The
pdog72 said
The 1895, 1896, & 1898 all show that style of checkering too. The 1902 shows the normal H, although crude looking in the photo. I don’t have a catalog in between ’98 and ’02 to narrow it down any further. Never noticed it before …….. very strange.
April 1900 Catalog (No. 65) is still showing the odd checkering. I have see a lot if early production Model 1894 Fancy Sporting Rifles, and none of them have that type of checkering on the butt stock… they all have standard H-pattern.
Bert
WACA Historian & Board of Director Member #6571L
November 7, 2015

Awesome! NOW I understand why some of you collect catalogs!
Mike
November 7, 2015

clarence said
Ebay has made it EASY…if you’ve got the dough. Used to be possible to find them (& many other things) at gun shows for better prices, but doesn’t happen much nowadays.
Too soon old, too late smart. Thank goodness for reprints. I’ll still go to collector gun shows but suspect most folks there know what they have. May need to venture out to the regular shows again, maybe get a table to liquidate my surplus “modern” stuff.
Mike
Thanks for sharing. What an interesting question that one little drawing creates!
It seems like a rifle with this style checkering would have surfaced and been discussed before now – but maybe things will work in reverse.
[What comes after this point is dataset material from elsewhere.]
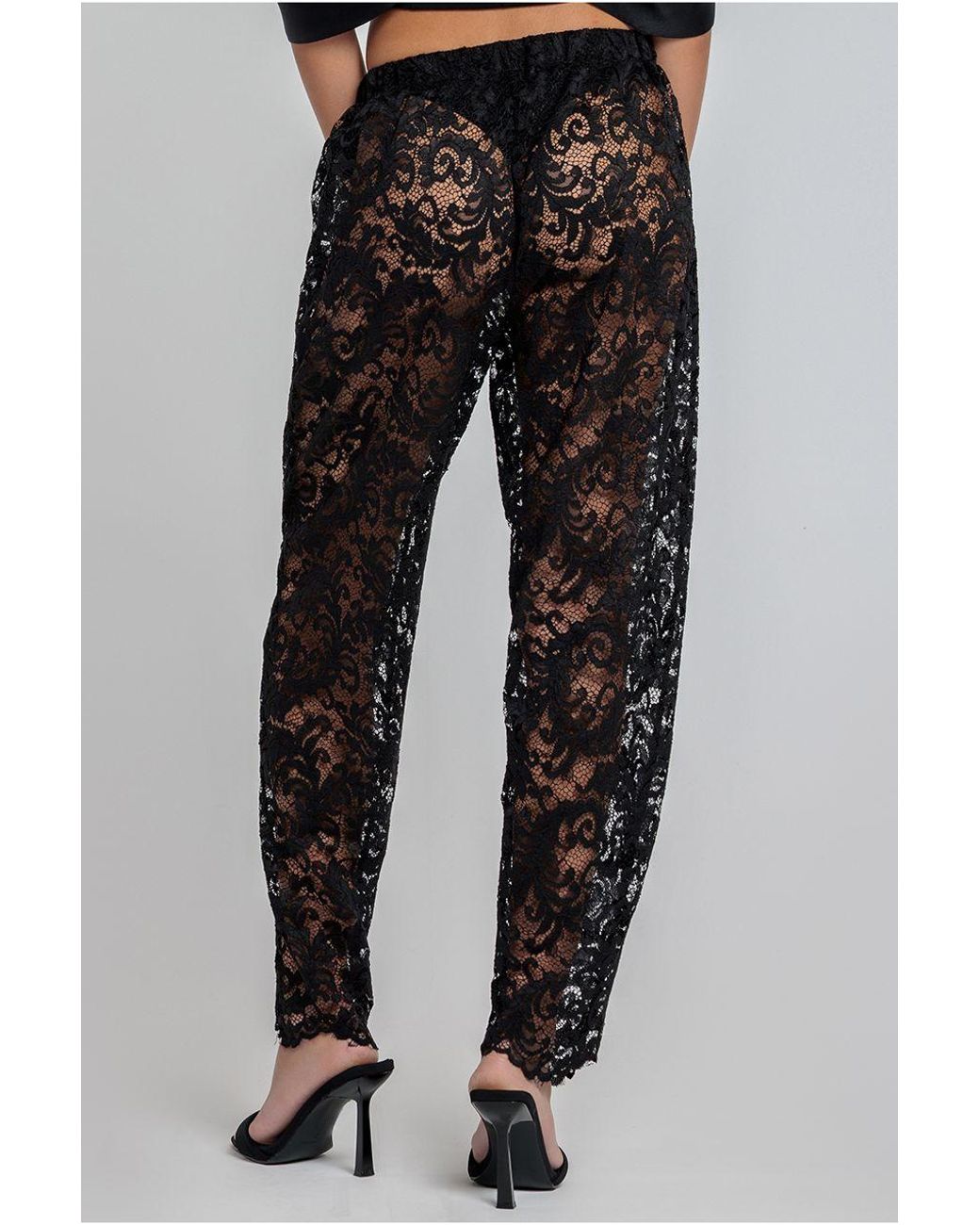 Goddiva Black Barrell Leg Scalloped Hem Trouser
Now that the drawing has been discussed, a rifle may materialize…
Matt74 said
clarence said
Matt74 said
Here is a pic of Marlin’s No 2 checkering. The checkering on the buttstock is very similar to that in the above catalog.
Minus that beautiful “S” curve PG that Marlin was noted for, going back to the Ballard.
Clarence, those “S” curves are a thing of beauty. I always have been one for “curves”…?
Marlin’s “S” curves do have a certain appeal!